Global financial markets are facing a sustained selloff, racking up their fourth consecutive day of losses as investor anxiety over technology valuations and the future path of US interest rates takes hold.
Asia-Pacific Leads the Decline
The wave of selling pressure was particularly fierce in the Asia-Pacific region, where stocks tumbled to a one-month low. The broad MSCI index of Asia-Pacific shares outside Japan fell by 1.8%, hitting its lowest point since mid-October.
South Korea's KOSPI index was among the hardest hit, plunging 3.5%, while Hong Kong's Hang Seng dropped 1.9%. In Japan, the Nikkei 225 also endured a brutal session, falling more than 3% amid escalating diplomatic tensions with China concerning Taiwan.

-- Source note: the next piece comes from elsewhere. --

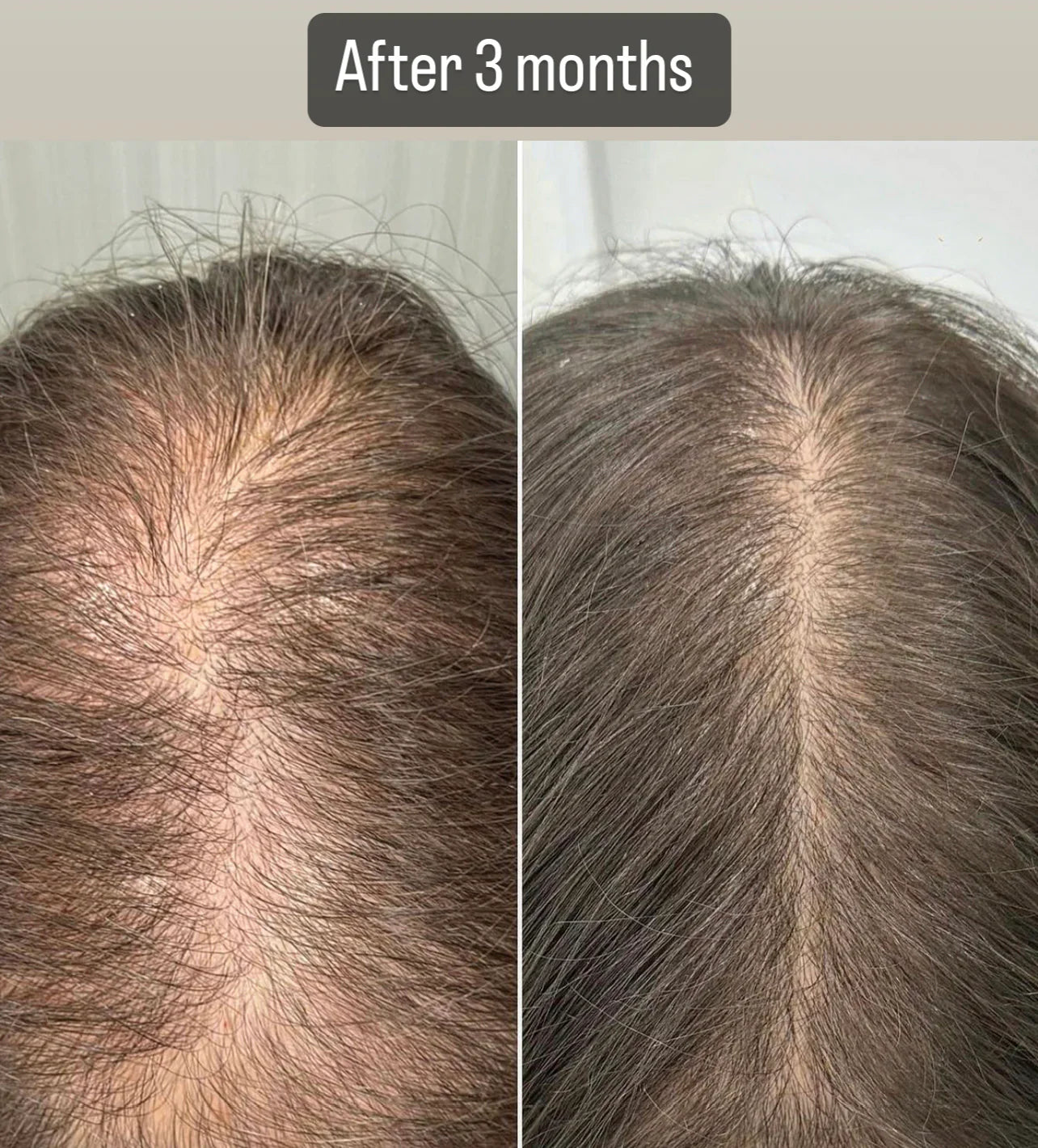 Milkshake Energising Blend Pack (for hair loss) 📣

Mounting Pressure from AI and Debt-Fuelled Spending
The negative sentiment spilled over from Wall Street, where the S&P 500 share index closed at its lowest level in a month. European markets were also poised for losses at the open.
Analysts point to a cocktail of concerns driving the rout. Investors are growing increasingly nervous that the US Federal Reserve may not cut interest rates as soon as anticipated, following hawkish commentary from some policymakers.

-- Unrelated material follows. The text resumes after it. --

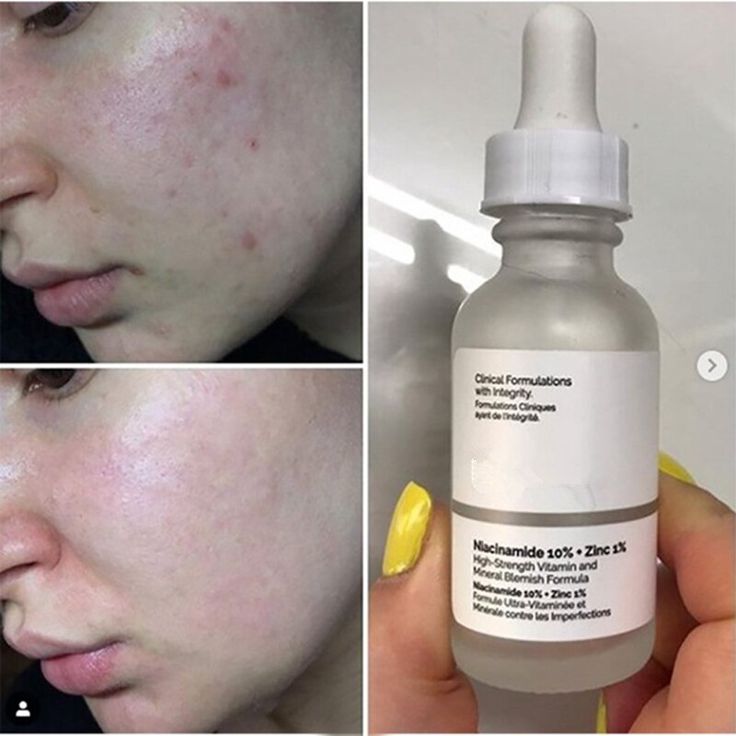 "Glow Naturally: The Ordinary Niacinamide 10% + Zinc 1% Serum"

All eyes are now on the upcoming earnings report from AI giant Nvidia, due on Wednesday night, which is being viewed as a major test for the sector. There is growing unease about the huge sums being committed to artificial intelligence infrastructure, especially as this expansion is increasingly funded by debt.
This worry was underscored by Amazon's announcement of a $15 billion bond sale, its first US dollar bond offering in three years. This follows similar large debt sales by tech peers Meta and Alphabet in recent weeks.
Expert Insight: The Sustainability Question
Michael Brown, a senior research strategist at brokerage Pepperstone, highlighted the shifting mood. "The market has shifted from an 'all capex is good capex' mood, to one where whether firms are actually able to monetise that expenditure has become the million dollar question," he explained.
Brown added that the recent bond sales have "further fuelled concern that AI expansion is now being fuelled by debt, and not by free cash flow, in turn exacerbating jitters over the sustainability of all the spending that we currently see."
The key agenda items for the day include a Treasury Committee hearing on crypto risks at 10am GMT and a speech from the Bank of England's chief economist, Huw Pill, at 1pm GMT in London.